雨月物語を読んでいたが、最後の「貧富(ひんぷく)論」を読むのをすっかり忘れていた。本日読み終えた。
この最後の「貧富論」はなかなか論旨が理解できない。とりあえず目をとおしたものの、理解できたのか、はなはだ心もとない。
「黄金の精霊」の言葉として「我もと神にあらず、仏にあらず。只これ非情なり。非情のものとして人の善悪を罪するは、天なり、神なり、仏なり。三ツのものは道なり。我ともがらのおよぶべきにあらず。ただかれらがつへ傳(かしづ)く事のうやうやしきにあつまるとしるべし。これ金に霊あれども人とこころの異なる所なり。」というところが、この貧富論の要点と思われる。
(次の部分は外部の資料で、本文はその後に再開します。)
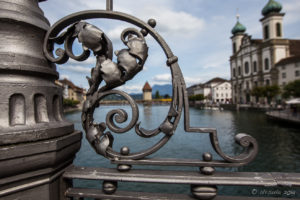 View of Lucerne through the ironworks of the Rathaussteg, Switzerland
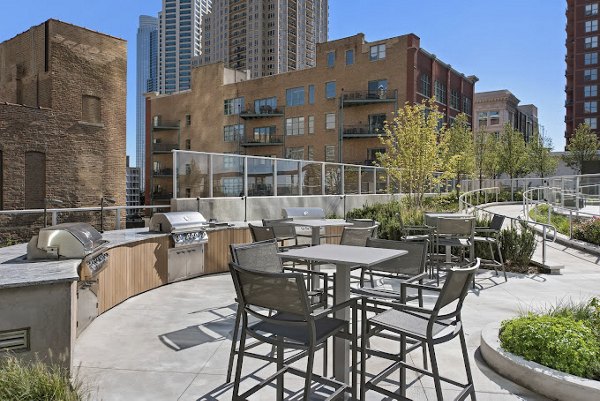 Spacious outdoor grill area for residents at 1001 S State Apartments Enjoy al fresco dining and socializing in this luxurious community space
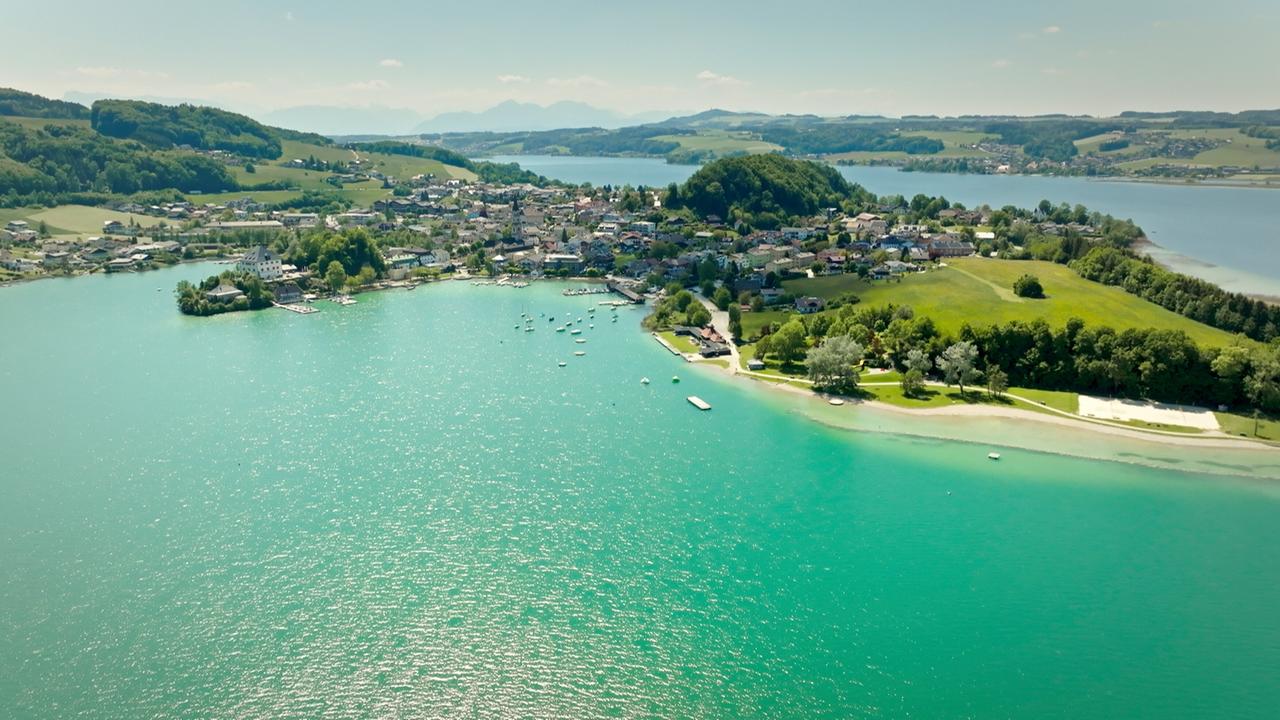 Das Bild zeigt eine weitläufige Landschaft des Mattsees im Salzburgerland, Österreich. Der See ist von klarem, türkisfarbenem Wasser umgeben. Am Ufer sind Schwimmboote und kleine Yachten zu sehen, die sanft im Wasser treiben.   Im Hintergrund erkennt man eine Ansammlung von Häusern, eingebettet zwischen grünen Wiesen und Bäumen. Die Siedlung ist von sanften Hügeln umgeben, die bis zu einem Massiv in der Ferne ansteigen, wo sich auch die Umrisse von Bergen andeuten.   Die Szenerie strahlt eine friedliche, naturnahe Atmosphäre aus, ideal für Erholungssuchende und Wassersportler. Einige Strände sind sichtbar, die zum Entspannen einladen. Das Wetter scheint sonnig und freundlich.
要は富は、仏教の因果応報や、儒教の天命論などから切り離した、富・貨幣独自の論理に従う、という趣旨であろう。上田秋成は、富・貨幣の論理から、倫理や宗教の論理を引きはがそうとしているのであろう。
雨月物語を読み終えて、ようやく高校生の頃の宿題を終わらせることが出来た気分である。宿題や他の教材の理解に追われ、いつかは読みとおしたいと思っていた雨月物語、意外と近代の萌芽をはらんだ物語だったと思う。当時の直感とはいえ、惹かれたのはこういうことが匂ってきたためであろうか。
もっとも50数年経ってこの程度の感想で終わらせてしまう私は成長していないのだろうと、自己卑下するしかない。